But what if Obama does win?

27 Oct

As the McCain-Palin ticket turns in on itself, the media narrative is building towards an Obama win by some margin.

On Sunday’s Meet the Press, an awkward and mumbling John McCain maintained that the polls do not reflect the reality on the ground. He argued that the American people will put their trust in him as the man best equipped to be President on day-one. Of course the Senator from Arizona knows the trouble he’s in, but for appearances sake, he must play up his chances.

But what if the polls can be trusted?

What if, on January 20 2009, The United States of America really does inaugurate Barack Obama as its first African-American President? What can we actually expect from a progressive executive in these difficult times?

America’s economic situation is as dire as it has been for 80-years. An economy that has been in overdrive since the early nineties, powered by an injection of cheap credit, has finally blown a gasket. Americans are finding that credit has dried up.

Millions of Americans are heavily indebted and are finding mortgage repayments impossible. They’re demanding tax cuts, but the federal budget is also drastically in the red and both candidates have promised to work to address it – even though the purse-strings are very much the preserve of Congress. The collective debt of the U.S., oft reported as in excess of $10-trillion dollars, is, including off-balance sheet liabilities, closer to five times as much.

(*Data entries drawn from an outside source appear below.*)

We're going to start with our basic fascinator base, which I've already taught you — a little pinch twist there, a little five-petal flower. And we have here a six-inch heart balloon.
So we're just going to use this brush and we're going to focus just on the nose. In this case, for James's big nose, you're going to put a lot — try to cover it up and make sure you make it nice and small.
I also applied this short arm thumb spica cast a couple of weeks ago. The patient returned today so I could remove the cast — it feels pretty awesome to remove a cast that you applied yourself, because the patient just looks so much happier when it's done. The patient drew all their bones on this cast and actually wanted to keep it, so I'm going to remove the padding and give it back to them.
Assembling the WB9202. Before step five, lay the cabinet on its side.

How can a president who promises a capital-intensive Apollo-like energy project, a balanced budget, a strong foreign policy, tax cuts and better healthcare coverage, possibly deliver?

What America needs, as Michael Kinsley argued last week, is a leader who is committed to “telling people what they don’t want to hear and leading them where they don’t want to go.” If America was really going into the recovery position – and things are surely that bad, it would start by telling its citizens that the good times are suspended until further notice. Indeed neither of the candidates are being honest with the American people.

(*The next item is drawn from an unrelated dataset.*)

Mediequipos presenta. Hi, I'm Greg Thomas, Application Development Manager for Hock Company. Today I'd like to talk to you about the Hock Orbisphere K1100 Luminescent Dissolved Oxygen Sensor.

No-one, not even a president who walks on water, can possibly satisfy the huge expectation that the Obama campaign has cultivated. The opportunity for political disillusionment is colossal.

When January comes around the same problems will persist. The national debt will be gargantuan, the military will be overstretched, and millions of Americans will be struggling to make rent and their families without healthcare coverage. Obama will be limited by the realities of office as to what he can do to remedy these issues, especially considering the dire situation he will inherit from President Bush. So there is little doubt that many thousands of progressive activists will be disappointed by the time it takes to create real change. As usual, the left may become it’s own worst enemy and attack its own.

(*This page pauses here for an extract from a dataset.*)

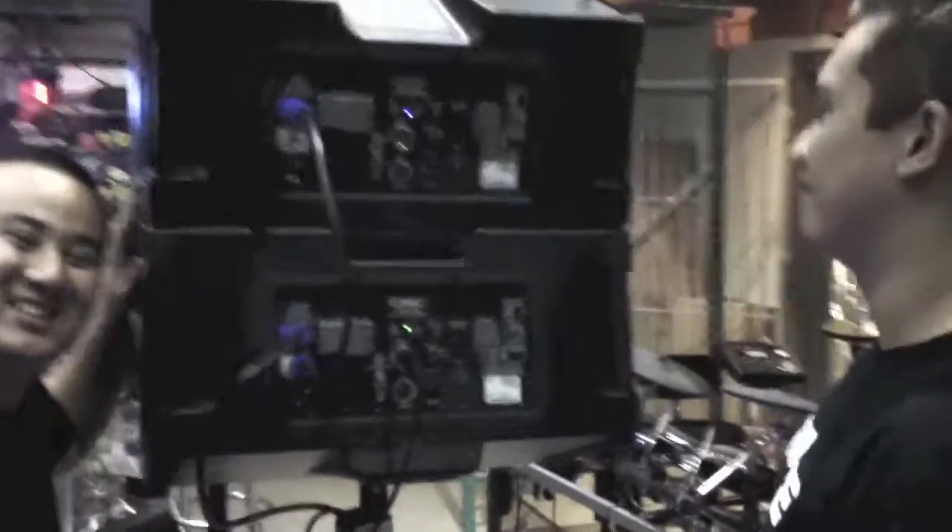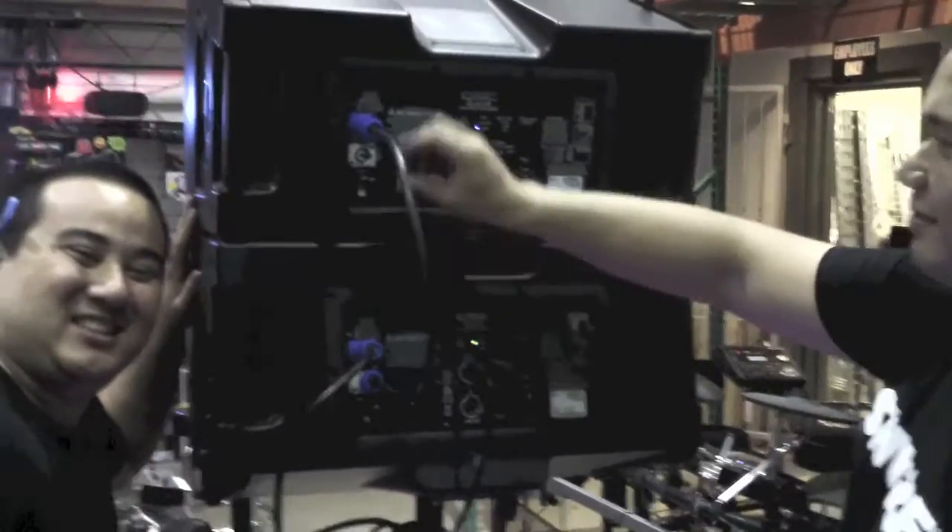Alright, thank you very much for the quick demo here. This looks so easy — even I could do it. Alright, the KLA-12s by QSC. Thanks guys.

In fact, the left will probably be piling onto an administration already under siege…

The Republicans have had months to prepare for opposition. The rightwing talk-show hacks are already in 5th gear. They will hit Obama hard on day one (politicos will remember Clinton’s wings were clipped even before his inauguration), in an attempt to paralyse his administration.

America’s progressives, who will have given so much to get Obama elected, must be prepared to continue to support him through the inevitable trials of office.

There is only so much an inspirational president can achieve. I hope American progressives are prepared for a slow, long haul. America, surely, deserves it.